Fabra's @context decorator handles this properly:

from fabra.context import context, ContextItem

@context(store, max_tokens=4000)
async def build_prompt(user_id: str, query: str):
    docs = await search_docs(query)
    history = await get_chat_history(user_id)
    tier = await store.get_feature("user_tier", user_id)

    return [
        # Priority 0 = lowest priority number = most important
        ContextItem(
            content="You are a helpful assistant for our SaaS product.",
            priority=0,
            required=True  # Never drop this
        ),
        ContextItem(
            content=f"User tier: {tier}",
            priority=1,
            required=True  # Never drop this either
        ),
        ContextItem(
            content=f"Relevant documentation:\n{docs[0]}",
            priority=2
        ),
        ContextItem(
            content=f"Additional docs:\n{docs[1:]}",
            priority=3
        ),
        ContextItem(
            content=f"Chat history:\n{history}",
            priority=4  # Dropped first if over budget
        ),
    ]

How It Works

  1. Token counting — uses tiktoken for accurate OpenAI token counts
  2. Priority sorting — items sorted by priority (0 = most important)
  3. Greedy assembly — adds items until budget exhausted
  4. Required enforcementrequired=True items always included
  5. Budget error — raises ContextBudgetError if required items exceed budget

The Result

ctx = await build_prompt("user_123", "how do I reset my password?")

print(ctx.content)
# Assembled context string, guaranteed <= 4000 tokens

print(ctx.meta)
# {
#   "token_usage": 3847,
#   "max_tokens": 4000,
#   "items_included": 4,
#   "items_dropped": 1,
#   "freshness_status": "guaranteed"
# }

You know exactly what was included and what was dropped.

Token Counting That Works

Fabra uses tiktoken for accurate token counting:

from fabra.utils.tokens import OpenAITokenCounter

counter = OpenAITokenCounter(model="gpt-4")
tokens = counter.count("Your text here")

This matches OpenAI's actual tokenization.

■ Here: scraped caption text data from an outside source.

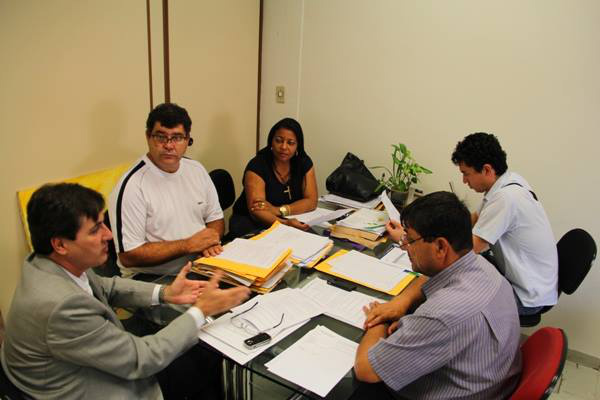 Fetems debate com governo piso para 20 horas Fetems debate com governo piso para 20 horas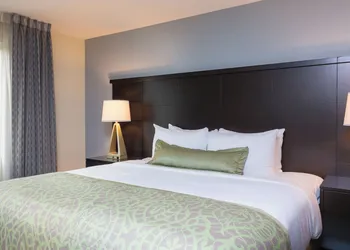 Staybridge Suites Canton by IHG hotel thumbnail 4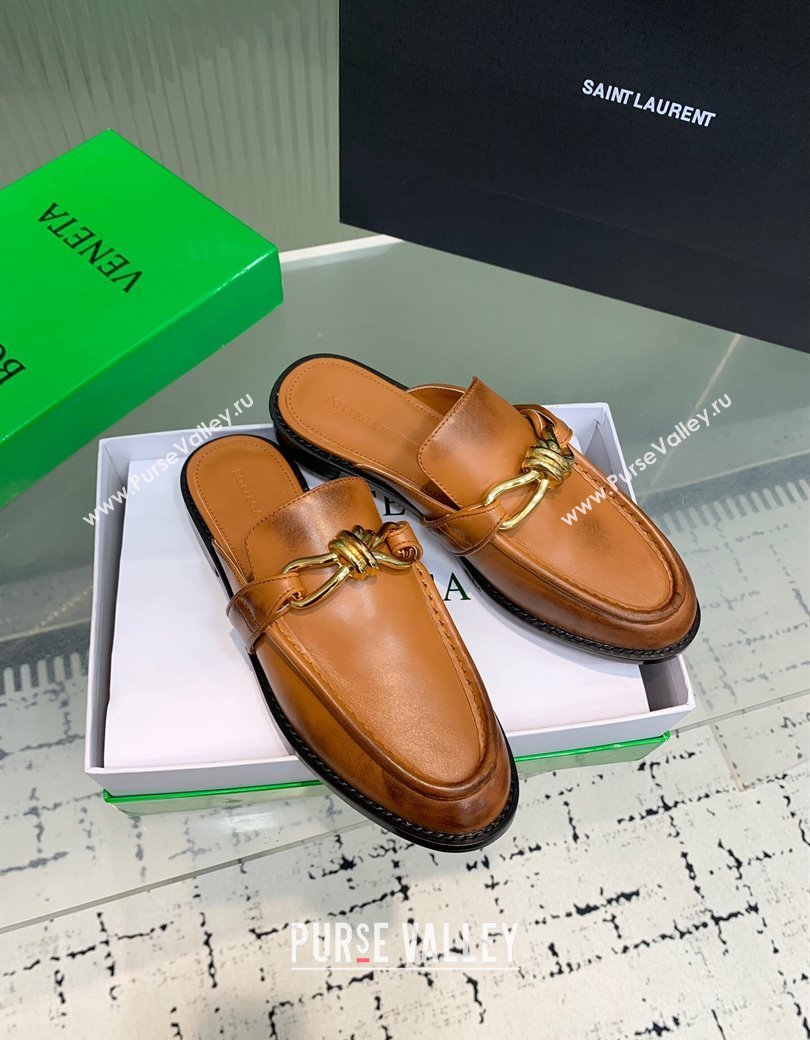 Bottega Veneta Astaire Flat Mules in Faded Calfskin with Knot Brown/Gold 2025 (KER-250823047)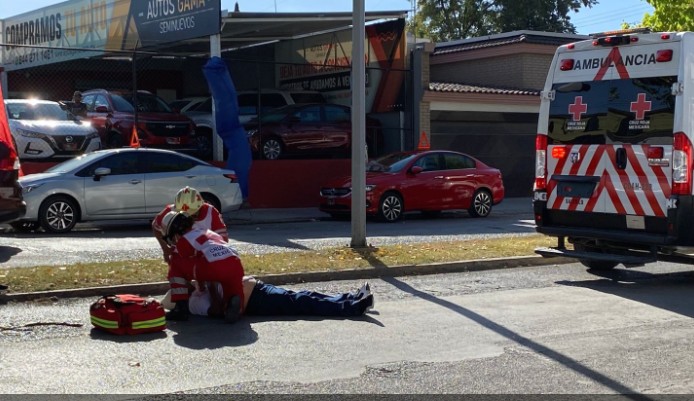 Arrollan a vendedor ambulante en Saltillo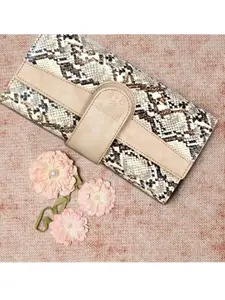 THE CLOWNFISH Women Beige & Off White Animal Textured Two Fold Wallet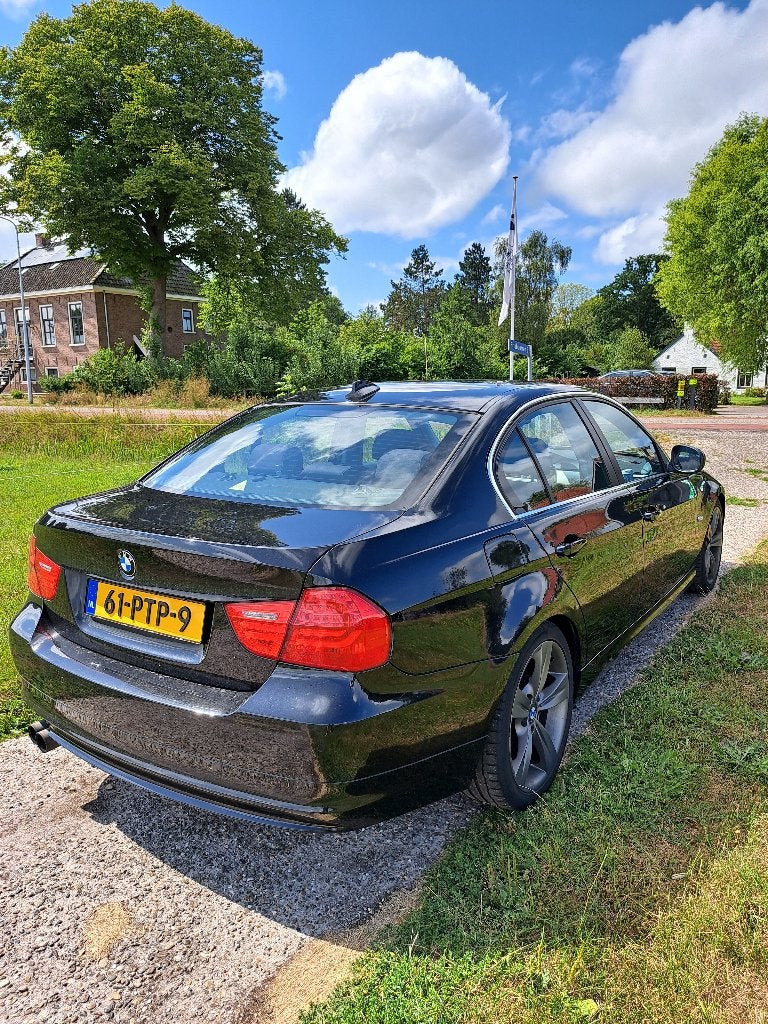 BMW 325i xDrive LCI (218 PK)|Handgeschakeld|Met 189.000 km!, Auto's, Euro 5, Zwart, Leder en Stof, Origineel Nederlands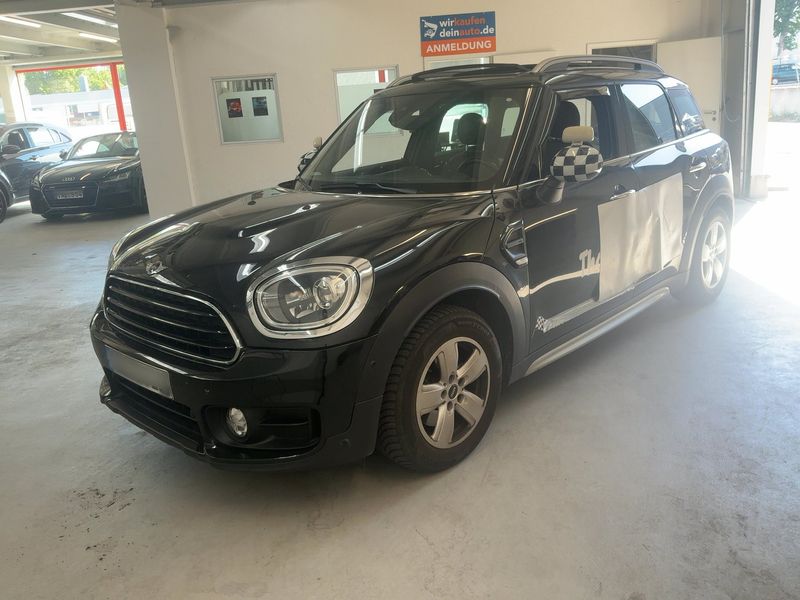 MINI Countryman Cooper D — 1/8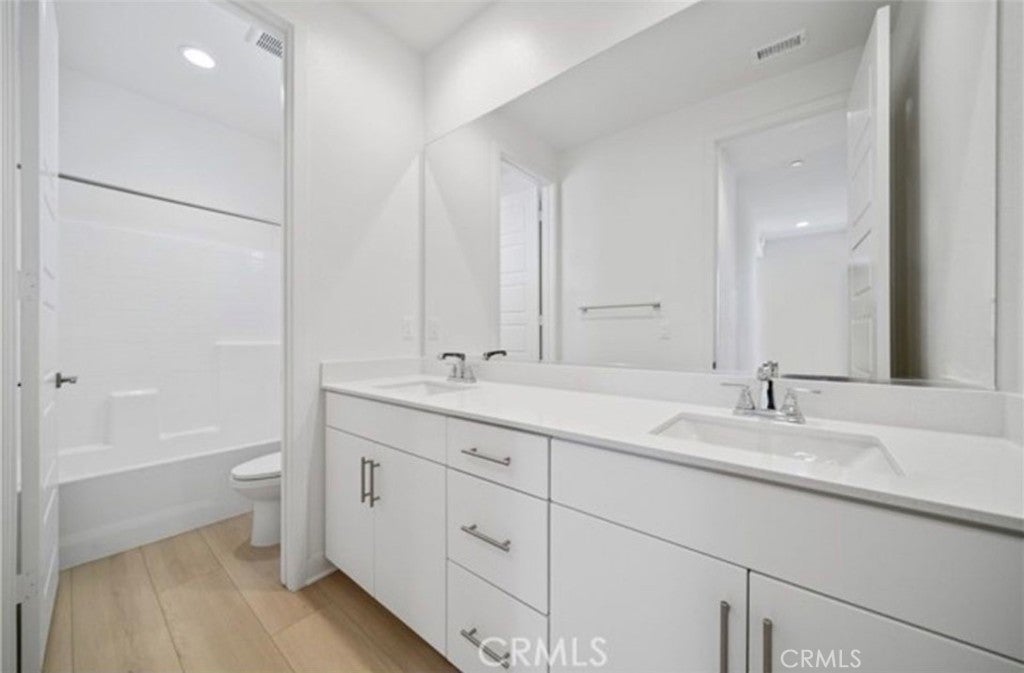 187 yugen, Irvine CA 92618 - Photo 19
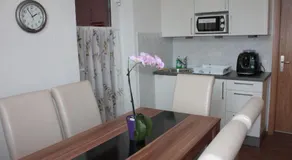 Thai Tawan - Image 2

No more guessing with len(text) / 4.

Different models use different tokenizers:

  • GPT-4 / GPT-3.5: cl100k_base
  • Claude: Different tokenizer (approximate)
  • Local models: Varies

Fabra defaults to OpenAI's tokenizer but the counter is configurable.

Cost Estimation

Context assembly includes cost estimation:

ctx = await build_prompt("user_123", "query")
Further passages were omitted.